Cuando en 1863 se inauguró en
Londres la gran Exposición de la industria moderna, se dio a los trabajadores
franceses facilidades para visitarla, y una representación de ellos fue a Inglaterra,
mitad turistas y mitad miembros del proletariado francés; teóricamente iban a la Exposición a fin de
estudiar las últimas realizaciones industriales. Concertóse una reunión entre
ellos y los representantes de los sindicatos ingleses. En esta reunión, que,
para empezar, tenía probablemente intenciones tan vagas como otras de su índole
y parecía principalmente estimulada por el deseo de ayudar a los demócratas
polacos exilados como consecuencia del abortado levantamiento producido en
Polonia aquel año, se discutieron cuestiones tales como la comparación de las
horas de trabajo y los salarios en Francia e Inglaterra y la necesidad de
impedir a los patronos que importaran mano de obra barata, es decir, obreros no
agremiados del exterior, con los cuales podían romper las huelgas organizadas
por los sindicatos locales. Se convocó otra reunión para constituir una
asociación que no había de limitarse meramente a sostener discusiones y
comparar datos, sino que perseguiría el propósito de comenzar una activa
cooperación económica y política y, acaso, de promover una revolución
internacional democrática. En esta ocasión la iniciativa no procedió de Marx,
sino de los propios laborales ingleses y franceses. Por lo demás, la reunión
congregó a radicales de diversas clases, a los demócratas polacos, a los
mazzinistas italianos, a los proudhonistas, blanquistas y neojacobinos de
Francia y Bélgica; en fin, al principio fue bien recibido cualquiera que
deseara la caída del orden existente.
La reunión se celebró en St.
Martin’s Hall, en Londres, y la presidió Edward Beesly, bondadosa y encantadora
figura, entonces profesor de historia antigua de la Universidad de
Londres, hombre radical y positivista que pertenecía al reducido, pero notable,
grupo en que figuraban Frederic Harrison y Compton, que habían sido
profundamente influidos por Comte y los primeros socialistas franceses. Sabíase
que sus miembros apoyaban cualquier medida progresista, y por muchos años
fueron casi los únicos hombres cultos de su tiempo que se alinearon junto a
Mili en la defensa de la causa impopular del sindicalismo, en un período en que
se lo denunciaba en la Cámara
de los Comunes como instrumento deliberadamente inventado para fomentar una
mala voluntad entre las clases.
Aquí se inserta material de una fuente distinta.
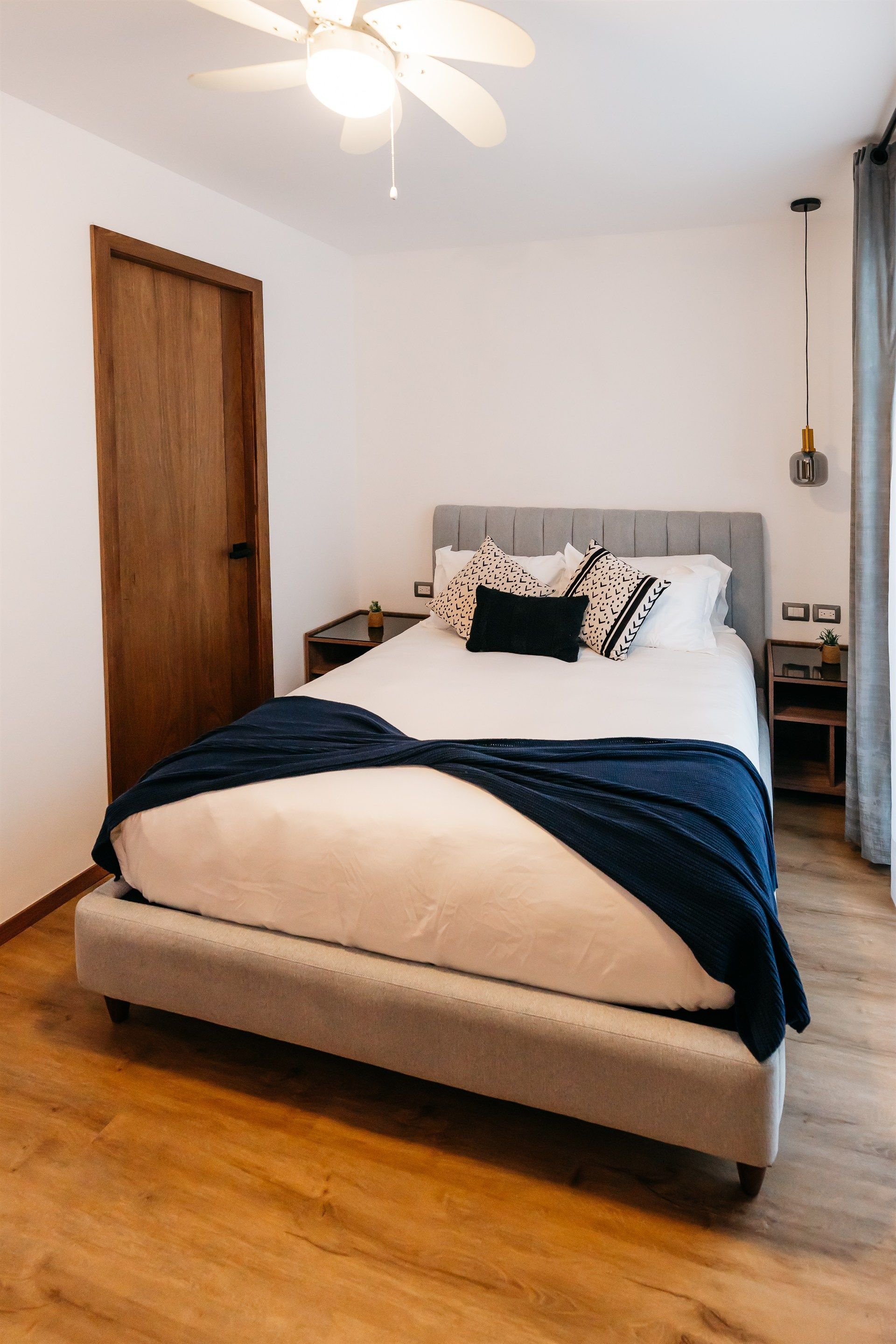 Un dormitorio con una cama y un ventilador de techo.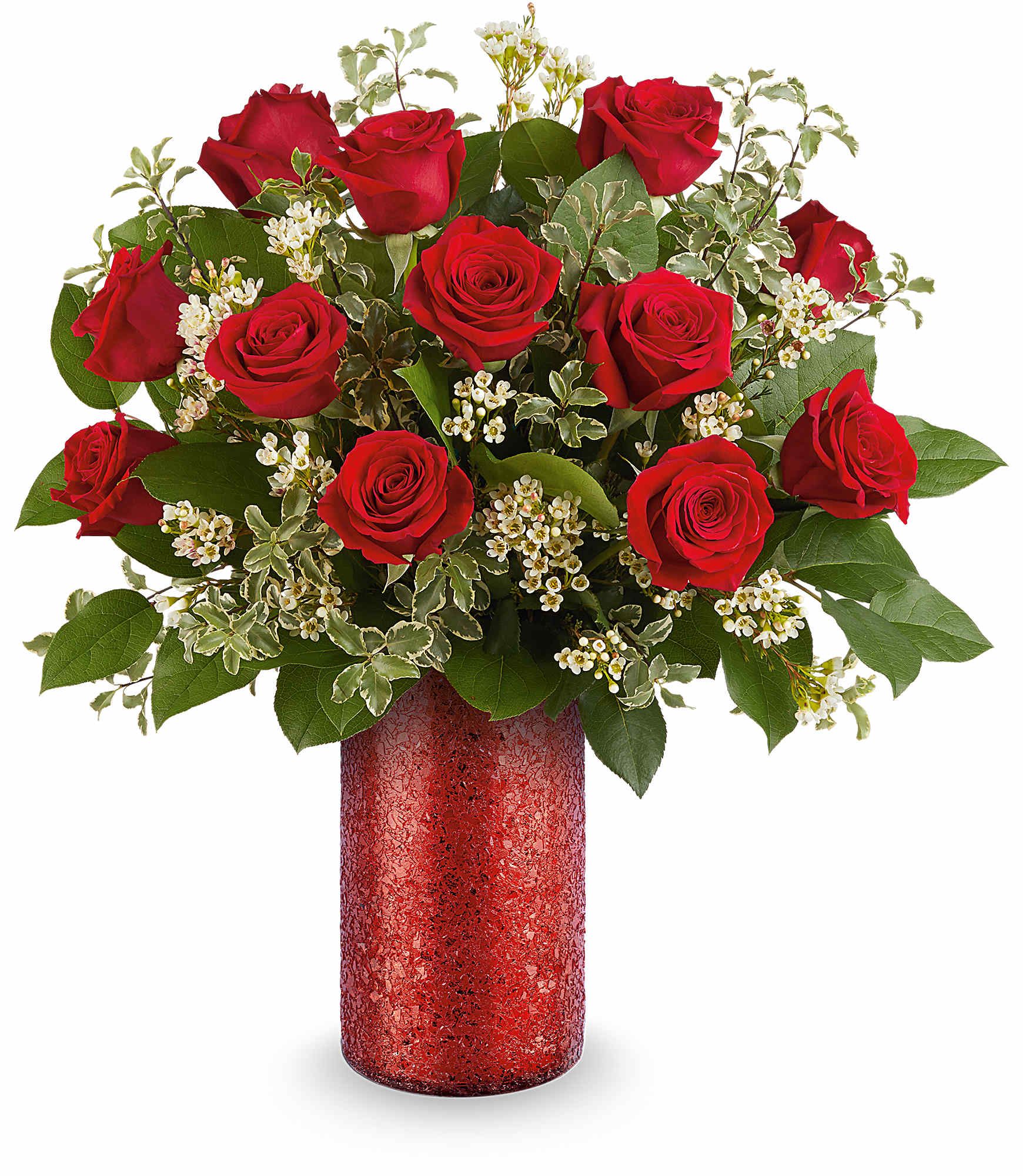Red roses arranged in a red vase with white filler flowers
La reunión resolvió constituir una federación
internacional de trabajadores, empeñada no ya en la reforma, sino en la
destrucción del sistema existente de relaciones económicas, el que debía
sustituirse por otro bajo el cual los mismos obreros adquirirían la propiedad
de los medios de producción, con lo cual se pondría fin a la explotación
económica de que eran objeto y se compartiría comunalmente el fruto de su
trabajo, lo cual acarreaba la abolición total de la propiedad privada en todas
sus formas. Marx, que antes se había mantenido fríamente apartado de todas las
reuniones de demócratas, percibió el carácter serio de este último intento de
constituir una combinación de fuerzas, organizada como estaba por
representantes de auténticos obreros, y advirtió propósitos definidos y concretos
en los que cabía rastrear claramente su propia influencia. Raras veces tomaba
parte en un movimiento que él mismo no había iniciado. Ésta había de ser la
excepción. Los artesanos alemanes residentes en Londres lo nombraron su
representante en el comité ejecutivo, y cuando se celebró la segunda reunión
para votar la constitución, fue él quien se hizo cargo de los procedimientos.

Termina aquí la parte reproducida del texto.